Linux Server Onboarding
Linux onboarding requires more hands-on work. Microsoft provides a Python-based installer and supports apt/yum repositories.
First, add the Microsoft repository:
#!/bin/bash
# For RHEL/CentOS 7+
sudo yum install -y yum-utils
sudo yum-config-manager --add-repo=https://packages.microsoft.com/config/rhel/7/prod.repo
sudo yum install -y mdatp
# For Ubuntu 20.04+
curl -o microsoft.list https://packages.microsoft.com/config/ubuntu/20.04/prod.list
sudo mv ./microsoft.list /etc/apt/sources.list.d/microsoft-prod.list
sudo apt-get install -y gpg
curl https://packages.microsoft.com/keys/microsoft.asc | sudo apt-key add -
sudo apt-get update
sudo apt-get install -y mdatp
# Onboard using the downloaded JSON config
# Download onboarding package from: Settings > Endpoints > Onboarding > Linux Server
sudo mdatp onboard --onboarding_blob "$(cat MicrosoftDefenderATPOnboardingLinuxServer.json)"
# Verify connectivity and health
mdatp health
mdatp connectivity test
# Expected healthy output includes:
# healthy: true
# org_id: your-tenant-id
# real_time_protection_enabled: true
Watch out for kernel compatibility. MDE's real-time protection uses eBPF on newer kernels (5.0+) or a kernel module on older ones. If you're running a custom kernel, verify support with mdatp health --field kernel_module_status.
Attack Surface Reduction and Policy Tuning
Onboarding is only step one. The real protection comes from properly configured Attack Surface Reduction (ASR) rules. These rules block specific behaviors exploited by malware—like Office applications spawning child processes or scripts obfuscating their execution.
Start in audit mode. Always.

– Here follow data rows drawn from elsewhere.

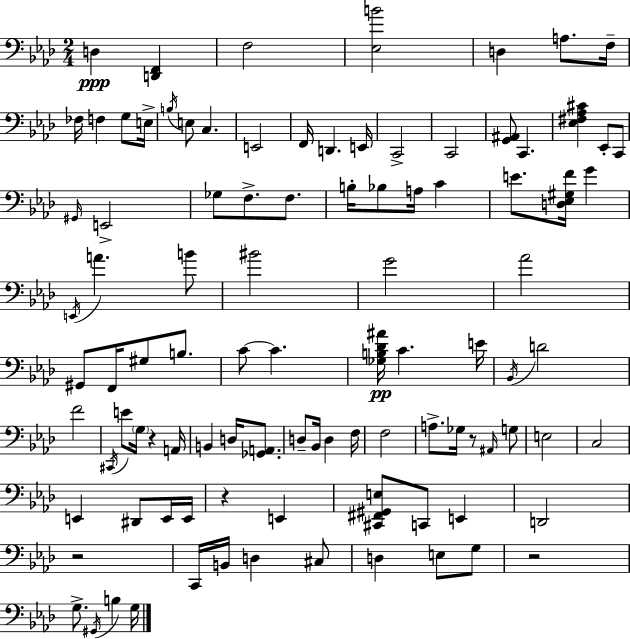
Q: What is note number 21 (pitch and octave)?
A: C2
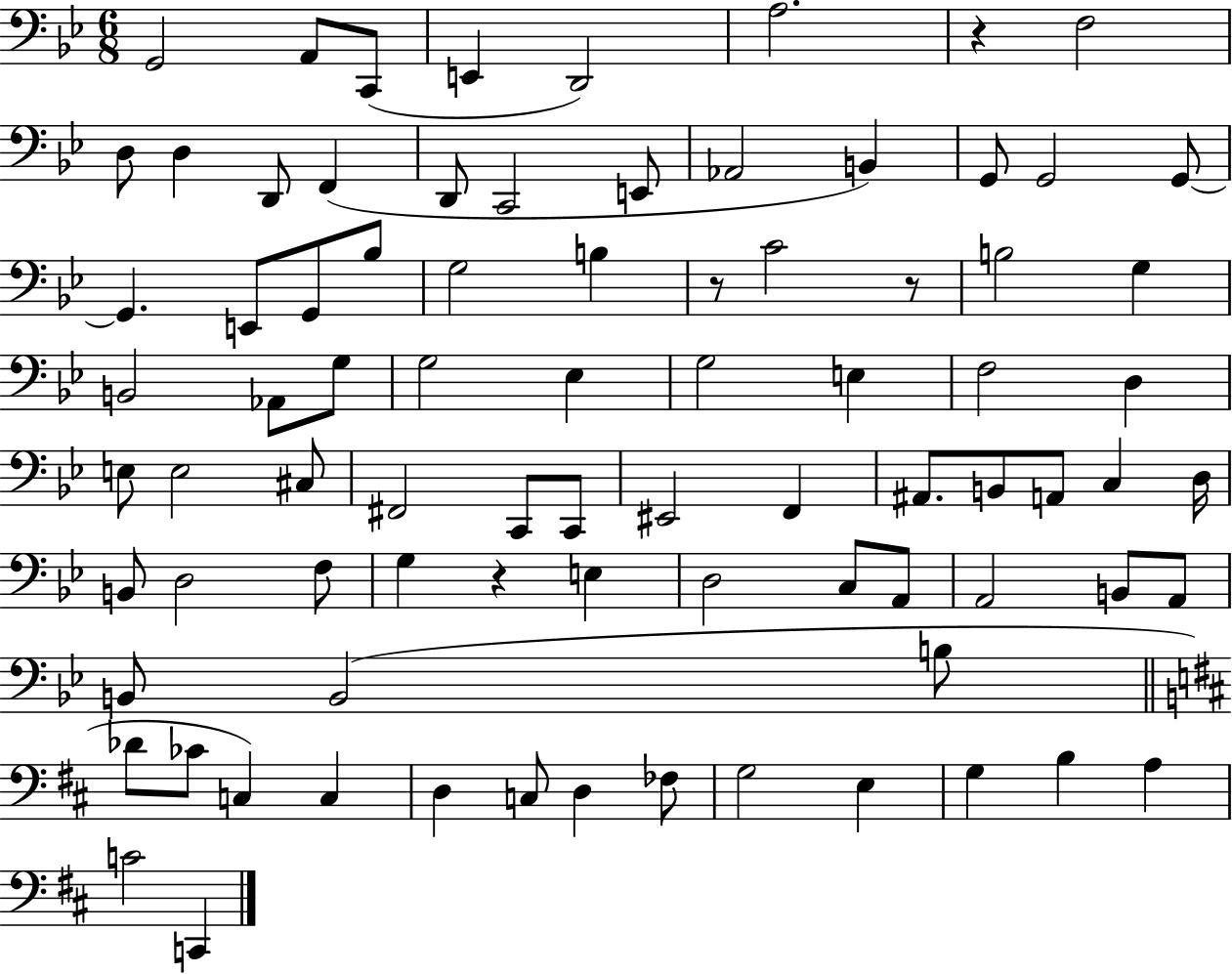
X:1
T:Untitled
M:6/8
L:1/4
K:Bb
G,,2 A,,/2 C,,/2 E,, D,,2 A,2 z F,2 D,/2 D, D,,/2 F,, D,,/2 C,,2 E,,/2 _A,,2 B,, G,,/2 G,,2 G,,/2 G,, E,,/2 G,,/2 _B,/2 G,2 B, z/2 C2 z/2 B,2 G, B,,2 _A,,/2 G,/2 G,2 _E, G,2 E, F,2 D, E,/2 E,2 ^C,/2 ^F,,2 C,,/2 C,,/2 ^E,,2 F,, ^A,,/2 B,,/2 A,,/2 C, D,/4 B,,/2 D,2 F,/2 G, z E, D,2 C,/2 A,,/2 A,,2 B,,/2 A,,/2 B,,/2 B,,2 B,/2 _D/2 _C/2 C, C, D, C,/2 D, _F,/2 G,2 E, G, B, A, C2 C,,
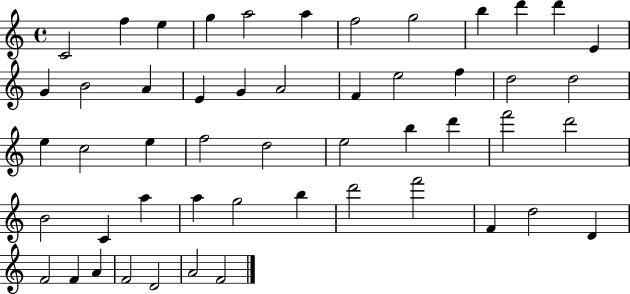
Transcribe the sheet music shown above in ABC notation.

X:1
T:Untitled
M:4/4
L:1/4
K:C
C2 f e g a2 a f2 g2 b d' d' E G B2 A E G A2 F e2 f d2 d2 e c2 e f2 d2 e2 b d' f'2 d'2 B2 C a a g2 b d'2 f'2 F d2 D F2 F A F2 D2 A2 F2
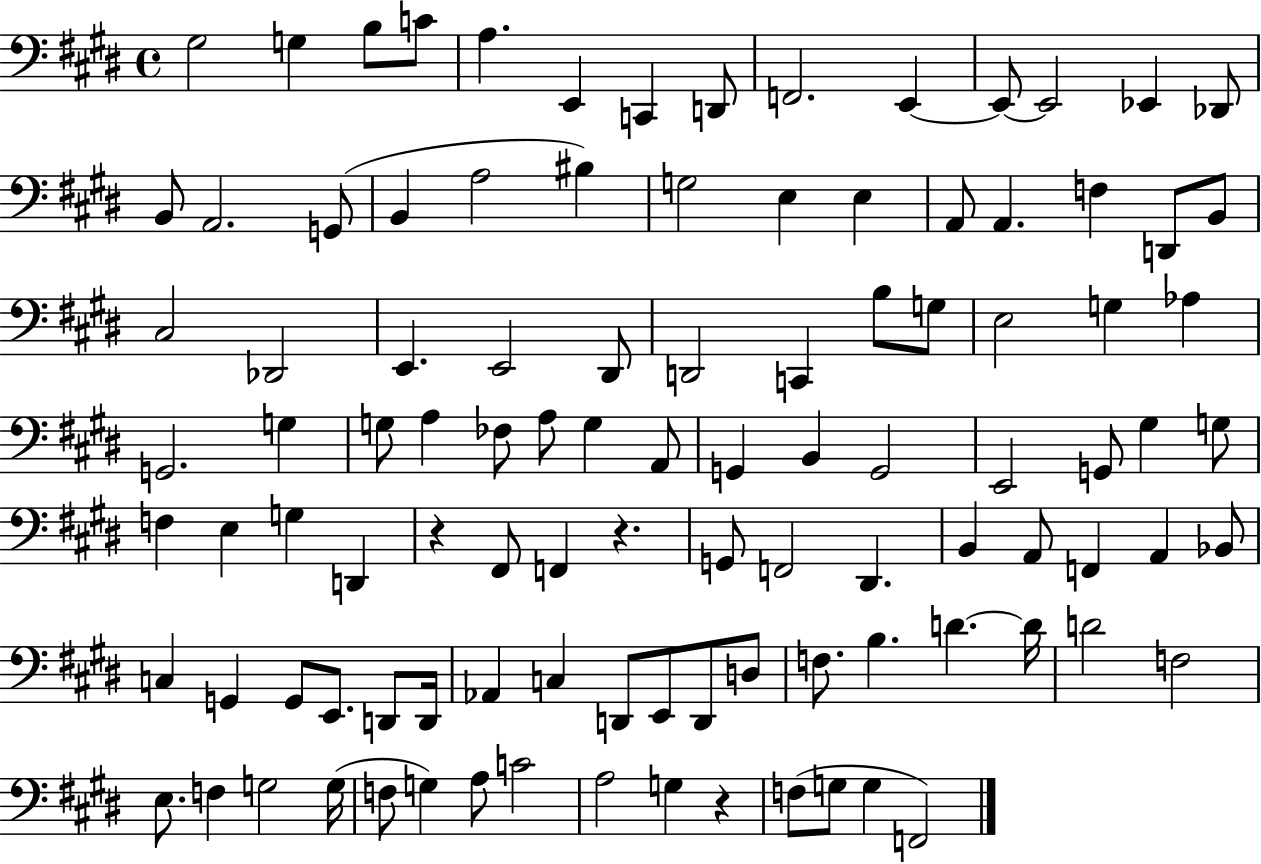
X:1
T:Untitled
M:4/4
L:1/4
K:E
^G,2 G, B,/2 C/2 A, E,, C,, D,,/2 F,,2 E,, E,,/2 E,,2 _E,, _D,,/2 B,,/2 A,,2 G,,/2 B,, A,2 ^B, G,2 E, E, A,,/2 A,, F, D,,/2 B,,/2 ^C,2 _D,,2 E,, E,,2 ^D,,/2 D,,2 C,, B,/2 G,/2 E,2 G, _A, G,,2 G, G,/2 A, _F,/2 A,/2 G, A,,/2 G,, B,, G,,2 E,,2 G,,/2 ^G, G,/2 F, E, G, D,, z ^F,,/2 F,, z G,,/2 F,,2 ^D,, B,, A,,/2 F,, A,, _B,,/2 C, G,, G,,/2 E,,/2 D,,/2 D,,/4 _A,, C, D,,/2 E,,/2 D,,/2 D,/2 F,/2 B, D D/4 D2 F,2 E,/2 F, G,2 G,/4 F,/2 G, A,/2 C2 A,2 G, z F,/2 G,/2 G, F,,2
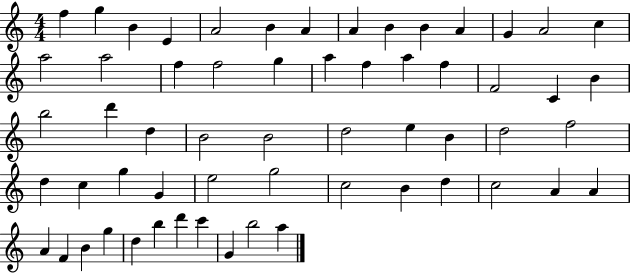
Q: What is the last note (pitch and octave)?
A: A5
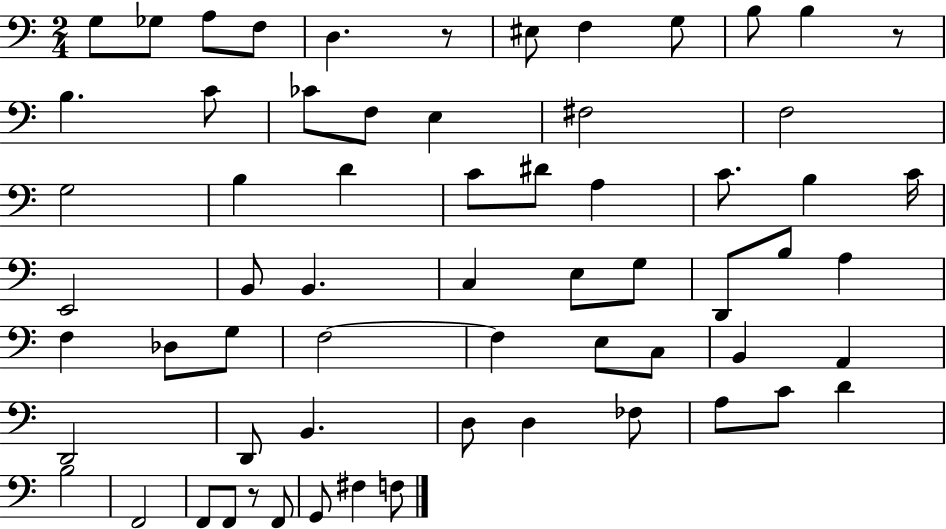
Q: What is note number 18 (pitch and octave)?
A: G3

Deploy ASR rules in block mode on day one and you'll break legitimate applications faster than you can open support tickets.

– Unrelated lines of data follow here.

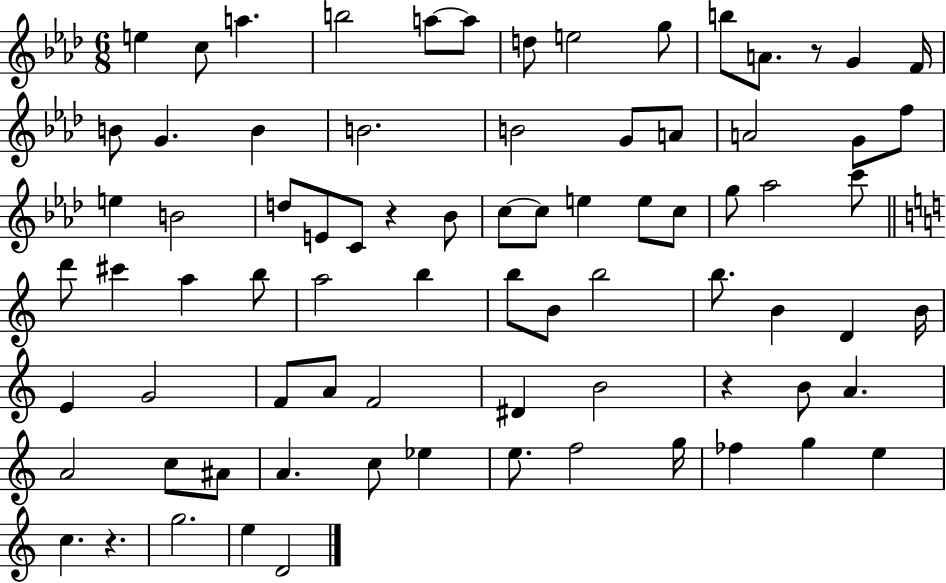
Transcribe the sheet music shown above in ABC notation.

X:1
T:Untitled
M:6/8
L:1/4
K:Ab
e c/2 a b2 a/2 a/2 d/2 e2 g/2 b/2 A/2 z/2 G F/4 B/2 G B B2 B2 G/2 A/2 A2 G/2 f/2 e B2 d/2 E/2 C/2 z _B/2 c/2 c/2 e e/2 c/2 g/2 _a2 c'/2 d'/2 ^c' a b/2 a2 b b/2 B/2 b2 b/2 B D B/4 E G2 F/2 A/2 F2 ^D B2 z B/2 A A2 c/2 ^A/2 A c/2 _e e/2 f2 g/4 _f g e c z g2 e D2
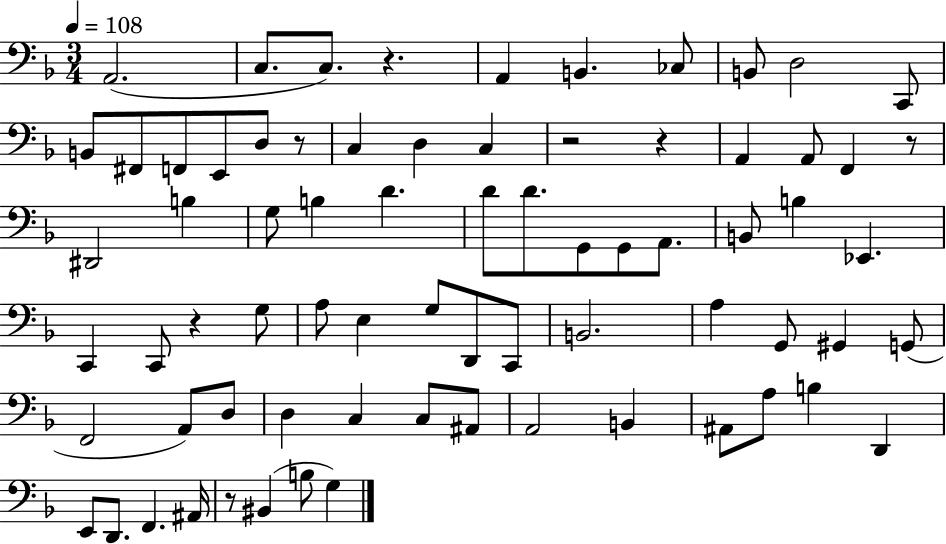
X:1
T:Untitled
M:3/4
L:1/4
K:F
A,,2 C,/2 C,/2 z A,, B,, _C,/2 B,,/2 D,2 C,,/2 B,,/2 ^F,,/2 F,,/2 E,,/2 D,/2 z/2 C, D, C, z2 z A,, A,,/2 F,, z/2 ^D,,2 B, G,/2 B, D D/2 D/2 G,,/2 G,,/2 A,,/2 B,,/2 B, _E,, C,, C,,/2 z G,/2 A,/2 E, G,/2 D,,/2 C,,/2 B,,2 A, G,,/2 ^G,, G,,/2 F,,2 A,,/2 D,/2 D, C, C,/2 ^A,,/2 A,,2 B,, ^A,,/2 A,/2 B, D,, E,,/2 D,,/2 F,, ^A,,/4 z/2 ^B,, B,/2 G,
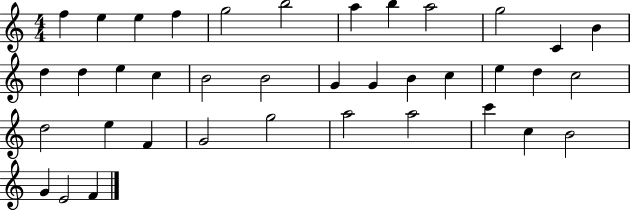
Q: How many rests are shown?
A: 0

Configure via Intune under Endpoint Security > Attack Surface Reduction > Create Policy:
# Recommended initial ASR configuration - Audit Mode
Block abuse of exploited vulnerable signed drivers: Audit
Block Adobe Reader from creating child processes: Audit
Block all Office applications from creating child processes: Audit
Block credential stealing from Windows LSASS: Block # This one's safe to block immediately
Block executable content from email client and webmail: Audit
Block execution of potentially obfuscated scripts: Audit
Block JavaScript or VBScript from launching downloaded executable content: Audit
Block Office applications from creating executable content: Audit
Block Office applications from injecting code into other processes: Audit
Block Office communication application from creating child processes: Audit
Block persistence through WMI event subscription: Audit
Block process creations originating from PSExec and WMI commands: Audit
Block untrusted and unsigned processes that run from USB: Block
Block Win32 API calls from Office macros: Audit
Use advanced protection against ransomware: Audit
Run audit mode for 2-4 weeks. Review blocked actions in Reports > Security Report > Attack Surface Reduction Rules. You'll identify legitimate applications triggering rules—add exclusions for those specific paths, then switch rules to block mode one at a time.
Monitoring and Validation
After deployment, verify everything actually works. The Defender portal's Device Inventory shows onboarding status and health metrics. Sort by "Onboarding status" to identify stragglers.
Set up email notifications under Settings > Endpoints > Email notifications for high-severity alerts. Create separate notification rules for server vs. workstation device groups—your SOC doesn't need 3 AM pages for a user clicking a phishing link, but a server executing encoded PowerShell commands deserves immediate attention.
Run the EICAR test file to verify detection and alerting pipeline end-to-end. If alerts don't appear within 15 minutes, check network connectivity to Microsoft endpoints and verify the SENSE service is running.
Your next step: deploy to a pilot group of 50-100 machines across different business units, run ASR in audit mode for two weeks, then schedule the production rollout based on what you learn. Don't skip the pilot—the applications that break will always be the ones someone forgot to document.